Occasionally I see the $\mp$ symbol, but I don't really know what it is for, except in conjunction with the $\pm$ symbol thus: $a \pm b \mp c$ which (I believe) means $a+b-c$ or $a-b+c$ (please correct me if I am wrong). Is there any other mathematical usage for the $\mp$ symbol, particularly on its own ?

Solution 1:

$\mp$ really only has a use when written in the same expressions as $\pm$.

The one that comes to mind is $\cos (\alpha \pm \beta) = \cos \alpha \cos \beta \mp \sin \alpha \sin \beta$.

But I suppose if you really wanted to, you could write things like $\sin(\alpha \mp \beta) = \sin \alpha \cos \beta \mp \cos \alpha \sin \beta$... if you really wanted to.

On a more humorous vein, it wouldn't surprise me if someone overloaded the symbol to have a different meaning too. Most likely someone like Conway (as in, Combinatorial Game Theory Conway, not Complex Analysis Conway), who thought $+_n$ was a perfectly good name for a state of a game (not an operation).

an aside

On a non-mathematical note, $\pm$ denotes an advantageous position for white in chess. $\mp$ denotes a position for black.
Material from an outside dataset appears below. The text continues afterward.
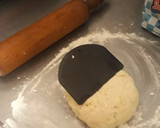 Foto del paso 6 de la receta: Calzon al hornito eléctrico, anco y pollo con masa casera rápida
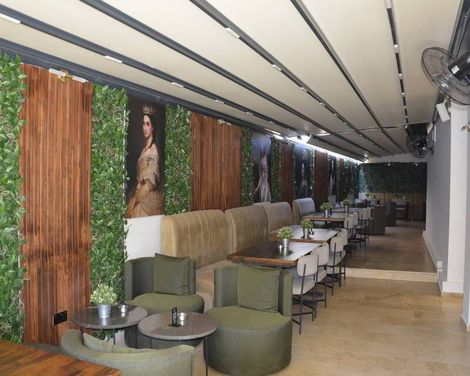 Crown Salamis Hotel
If we really go for it, $\mp$ looks like (干) wiki page, which means 'to dry' in Japanese and might mean 'to do' in Mandarin. $\pm$ looks like (士)wiki page, which might mean 'gentleman' in Japanese and is used in the symbols for doctorate and doctor's thesis.

Solution 2:

You are correct; $\mp$ only makes sense in a formula that already has $\pm$.

One simple and useful example is that when $x$ is small, ${1\over{1\pm x}}\approx 1\mp x$.

Solution 3:

Like the other answerer, I've only seen it used in the same line as a $\pm$, to mean "positive when the other term is negative and negative when the other term is positive." So, for instance, if we were to say

$\pm a = \mp b$

that would imply that

$ a = -b $

and

$ -a = b $